WHAT YOU WILL DO -
Copy without pictures. Please restate each line of the listing exactly.

PROVIDED DATA -
********
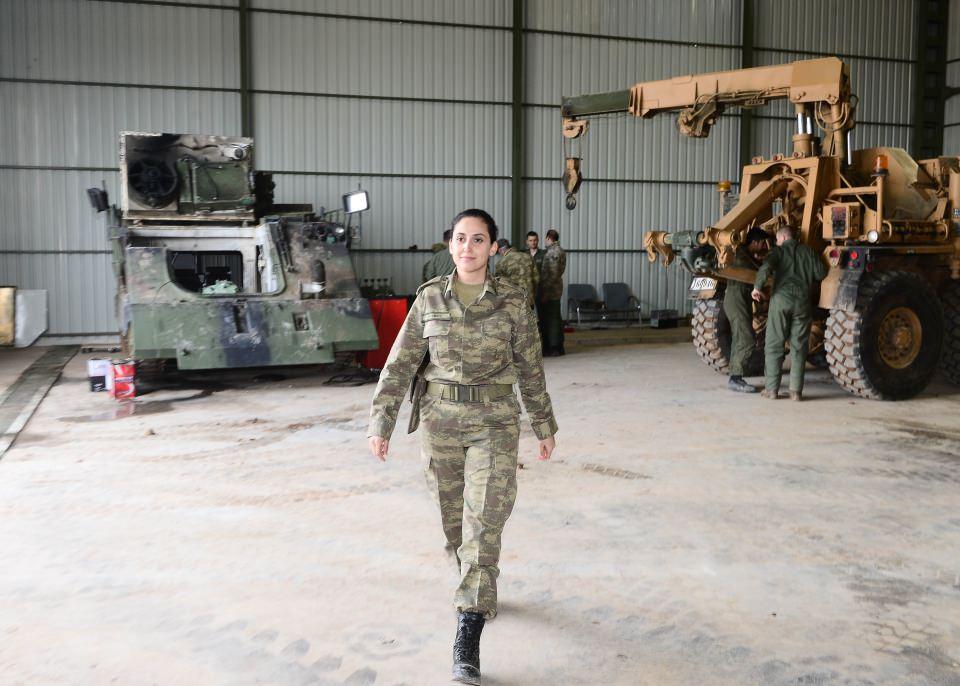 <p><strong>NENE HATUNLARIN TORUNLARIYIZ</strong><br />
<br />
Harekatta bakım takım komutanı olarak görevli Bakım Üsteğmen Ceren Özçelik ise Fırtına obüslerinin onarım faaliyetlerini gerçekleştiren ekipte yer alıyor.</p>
********
ANSWER FOR THE TASK -
 <p><strong>NENE HATUNLARIN TORUNLARIYIZ</strong><br />
<br />
Harekatta bakım takım komutanı olarak görevli Bakım Üsteğmen Ceren Özçelik ise Fırtına obüslerinin onarım faaliyetlerini gerçekleştiren ekipte yer alıyor.</p>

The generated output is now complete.